Some of you might know that I’ve been studying Tai Chi for over a year now. I am studying the “nei da quan” or internal martial arts of Tai Chi, which means that I am studying how to control my body’s internal energy as well as the energy that directly surrounds my body in what is thought of as your body’s sphere, aura, etc. At this stage, that doesn’t include movement. I’m listening, meditating on two feet, cycling my body’s energy with my mind. Some people call this “standing like a tree,” in that trees are still from the observer’s perspective, but the action under the bark is plentiful. After each session, I’m refreshed and sweaty, just as if I’d gone for a run or played basketball with friends. What’s more, my mind is alert. It feels like I’ve had a shower on the inside.

Zhang Laoshi (teacher Zhang, my master) is a man in his mid-fifties who glitters with youth the way a stream captures sunlight. He’s not tall but he’s lilthe and trim. When he teaches the advanced students the various tai chi poses, with each shifting movement he seems to be able to lift himself off the ground just slightly and almost imperceptibly, the way an inflated balloon doesn’t quite ever touch the ground even if it’s been placed there directly. Yet, when I look at his feet, they’re on the ground. It’s a feeling that I see or feel in the seeing, I’m not sure which. He also has the (occasionally annoying) ability to look into my face and report on the status of my health, including whether or not I have been busy or rested and whether or not I’m happy. With one light touch of my arm as I stand in study (zhan zhuang), he can identify where in my energy flow there are blockages and what part of my body is tense, unable to breathe, blocked, etc.

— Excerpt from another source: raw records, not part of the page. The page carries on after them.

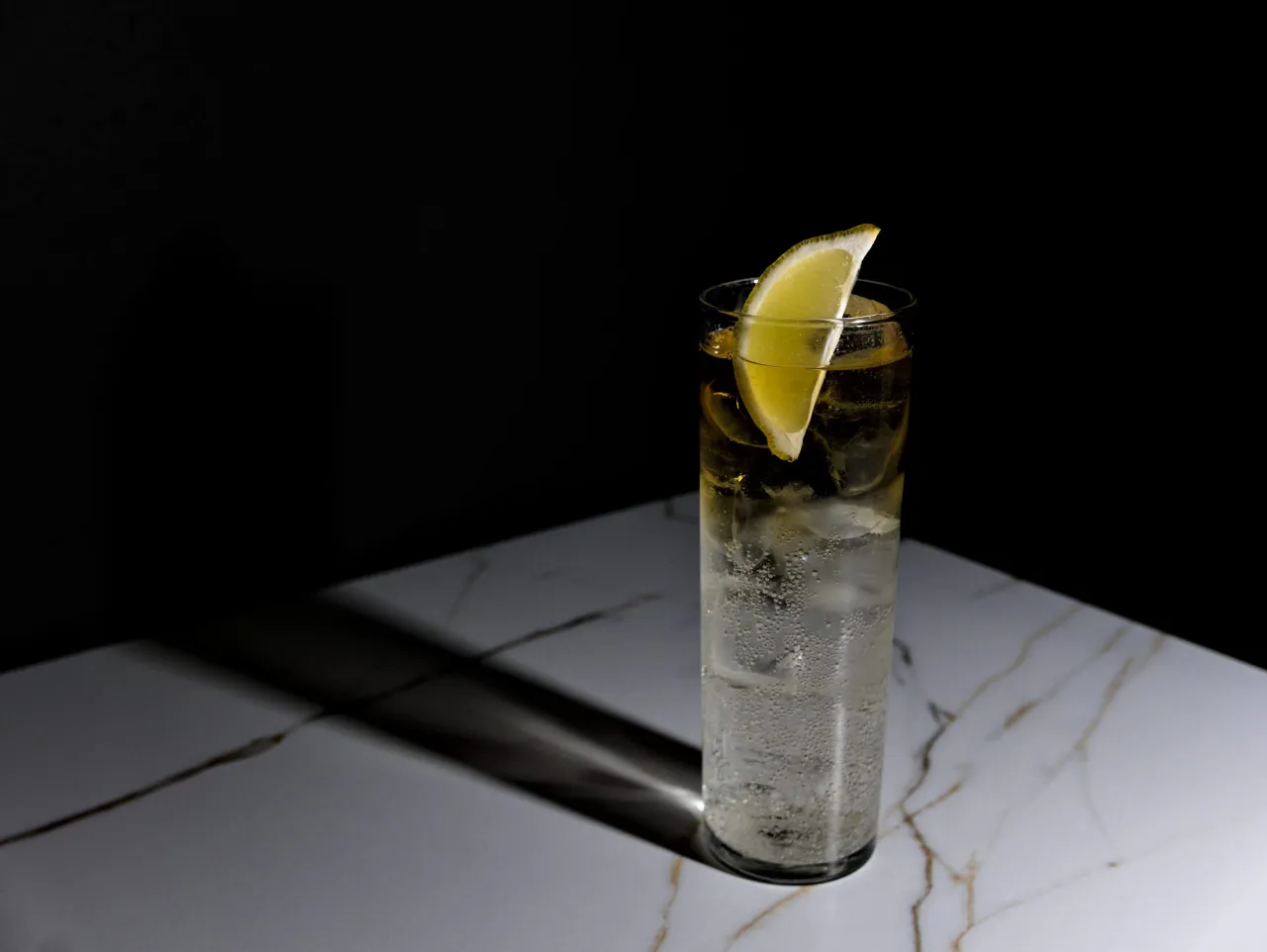 Zdjęcie Jak przygotować idealny drink highball - historia i warianty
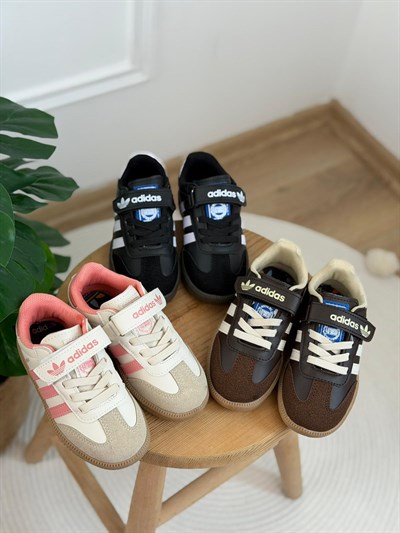 Spor Logolu Ayakkabı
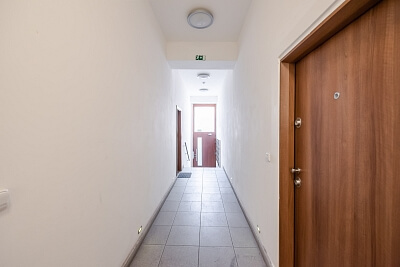 Ve Vrchu, Libeň - Praha 8 | Prodej, Byt 1+kk, 31 m²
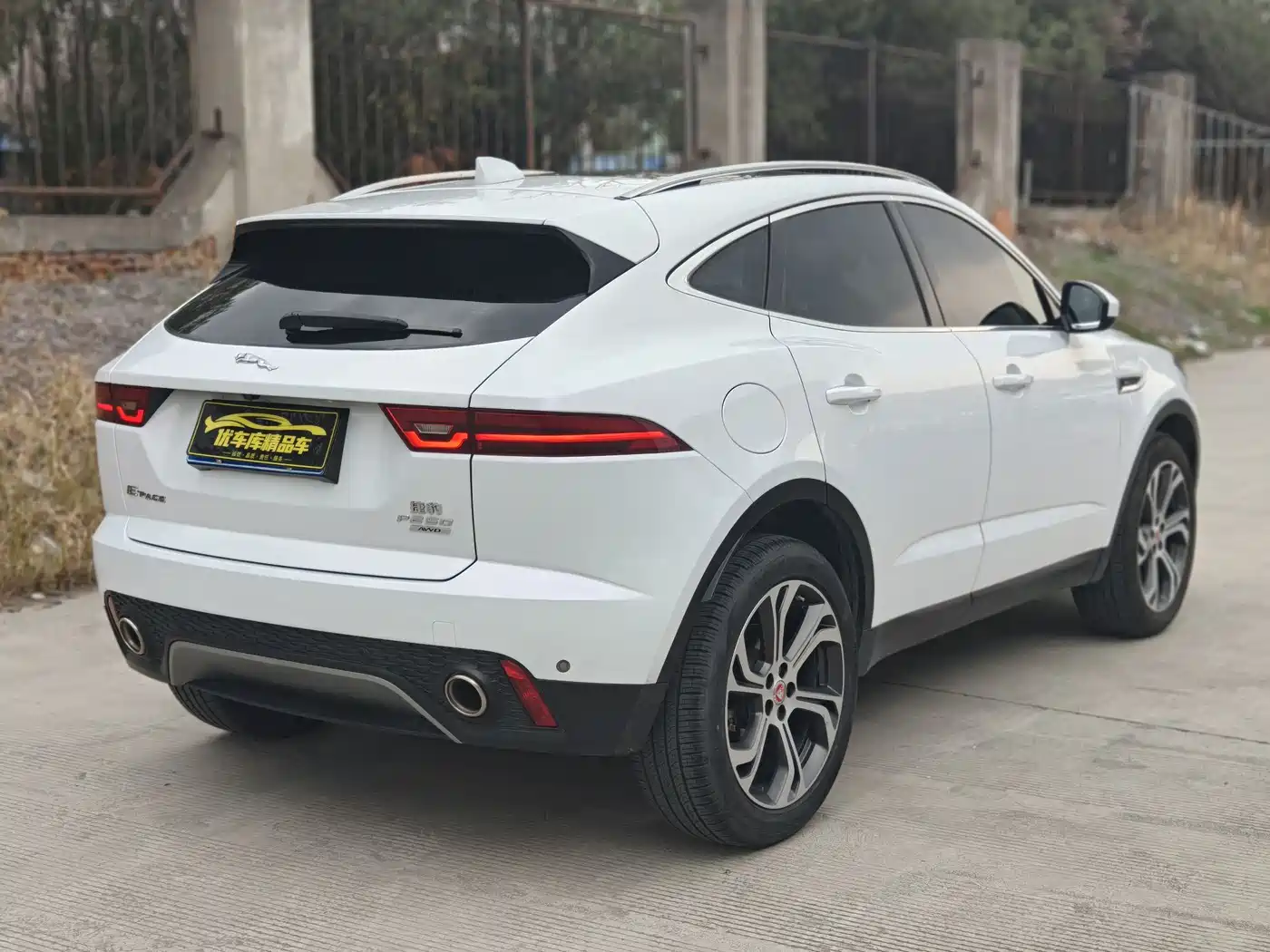 JAGUAR E PACE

But, most importantly, Zhang Laoshi reminds me and all the other students to be present. He challenges us to be alert and conscious in every moment. He does so by being so.

He does not accept money for his services. He feels that this is contradictory to the nature of the tradition. It’s about passing down a centuries-old wisdom, he says, and this has always been free for willing and hardworking students. He teaches out of a local park just like his teacher did before him, and his teacher’s teacher, and his teacher’s teacher’s teacher before that. It’s taught on the same piece of land where it’s been taught for generations.

I’m telling you about my teacher and about my practice because I just got word that the festival that was booked on September 3rd in Dong Bei province has cancelled all of its foreign performers. We were booked and contracted, but the approvals for our performances were not issued; they were declined. The officially issued reason is because Bjork came to China almost two years ago and said “Tibet Tibet!” on stage during her concert. The government doesn’t want foreigners speaking out about sensitive issues in China. They don’t want copycats.

I was originally indignant and angry. For one, they shouldn’t take it so personally! Tibet & China’s relationship is an extremely complex issue and Bjork can’t possibly understand the whole story, nor did she embody any understanding by just yelling out “Tibet!” twice. Why does the government need to make such a big deal out of it? For two, the blatant racial profiling that is now happening in the dismissal of our services (i.e. all foreign bands = all non-Chinese bands) is preposterous. We all have something to say, including the Chinese artists, but most of us are smart enough to understand the political climate in which we’re approaching a microphone! There are ways to say what you want to say without pissing off a whole lot of stiff suits. And finally, censorship just sucks. It’s the complete opposite of art. It’s arbitrary and despotic.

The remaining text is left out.